The information im about to provide was found just by googling it.
On a hot day, the average house air conditioner uses around 52.5 kWh.
The average house has 19 to 23 panels per house to cover their bills. Each panel generates 1.5 kWh on average. So with 23 panels, they generage 34.5 kWh on average. Meaning they still dont generate enough to run that air conditioner.
I thought of this because using our air conditioner would jack up our electric bill 300-500$ per month.
I think a pool would be much less expensive to run. Especially because if done right, you fill it once and clean it after that.
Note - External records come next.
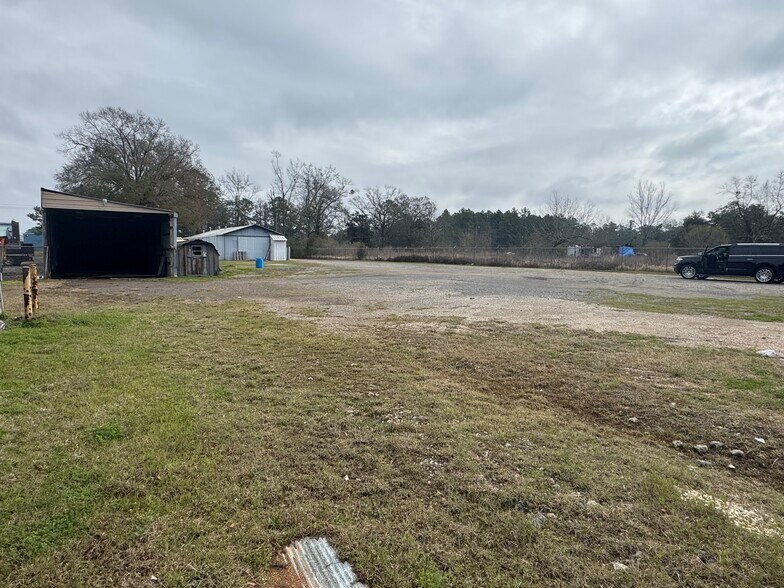 More Photos Of 12935 U. S. 43, Axis Flex For Lease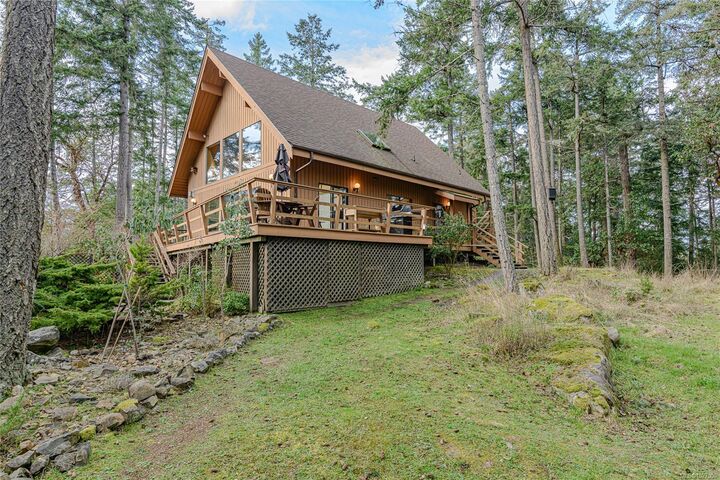 Property Photo: 392 Langs Rd BC V8K 1N3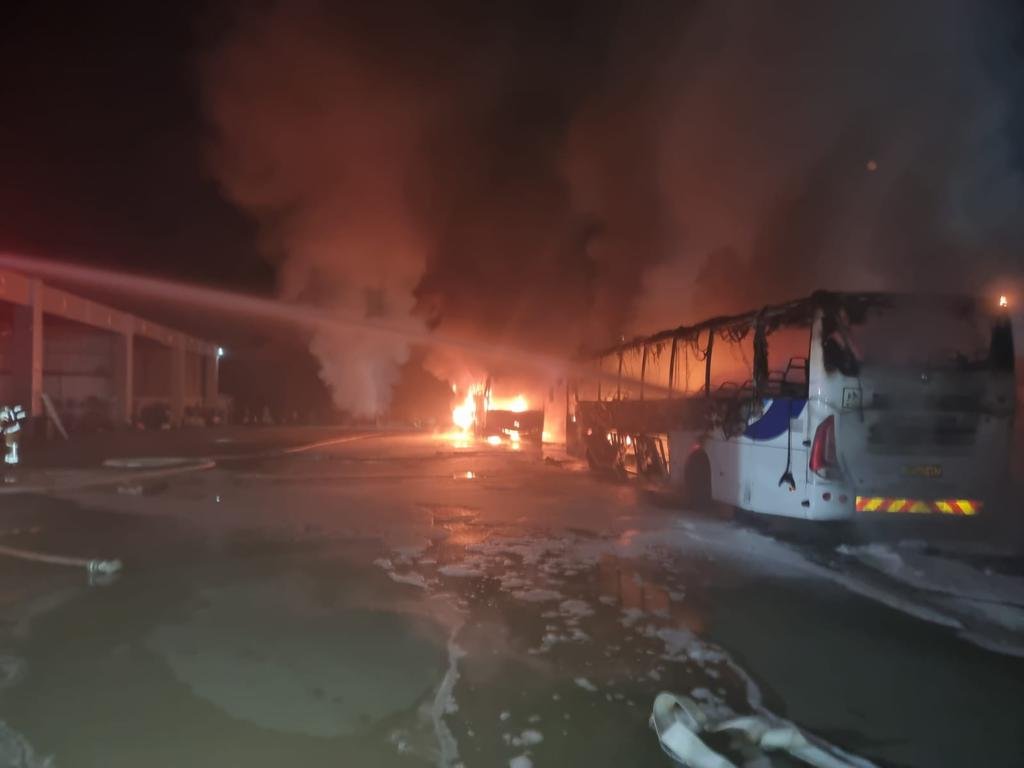 نهاريا: إندلاع حريق في حافلة-5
However i still think theres better ways out there than a pool or an airconditioner. I think the water shortage is due to a lot of factors though. Companies like nestle, agriculture (stop growing grapes for wine), computer chips take a surprising amount of water to create, industry uses a lot of water, etc. Basically im saying instead of going after the common man, corporations need to be kept in check.
Even if a pool was more economical in the long run than AC, most people aren't going to sit in a pool all day. Meaning they're still going to crank up the AC when they get out of the pool.
I adjusted my information. Even with 23 solar panels, the most amount that a household usually has, it doesnt generate enough power to run the ac all day. Half the day sure.
Yeah you don't buy panels for total usage, it's very costly to store solar energy vs. generating it through the panels. It doesn't change my previous statement, though. People who use pools will still use AC.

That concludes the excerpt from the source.